Hi I am reading java concurrency in practice and I read interesting statement states that
Locking can guarantee both visibility and atomicity; volatile variables can only guarantee visibility.
Can any one please explain that if declaring a variable as volatile all other reading threads getting updated values so why do i care about the atomicity in statement like: counter = counter + 1;
Thanks in advance.
The effect of the volatile keyword is approximately that each individual read or write operation on that variable is atomic.
Notably, however, an operation that requires more than one read/write -- such as i++, which is equivalent to i = i + 1, which does one read and one write -- is not atomic, since another thread may write to i between the read and the write.
The Atomic classes, like AtomicInteger and AtomicReference, provide a wider variety of operations atomically, specifically including increment for AtomicInteger.

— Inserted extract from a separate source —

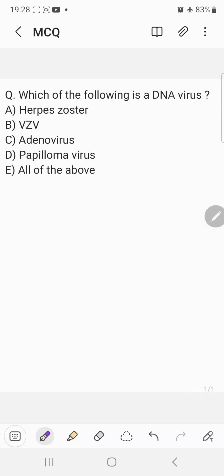Hello everyone, welcome back to the multiple choice question session. Today's question is which of the following is a DNA virus?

That's why you need to care about atomicity in statements like counter = counter + 1
Please check this post Volatile Vs Atomic
Here's a self-contained example executable application that demonstrates that volatile on its own is not enough. Four threads increment a counter 10,000 times each, so you'd expect the counter to be 40,000 at the end. It uses a primitive int variable and an AtomicInt, and tries the exercise 5 times each.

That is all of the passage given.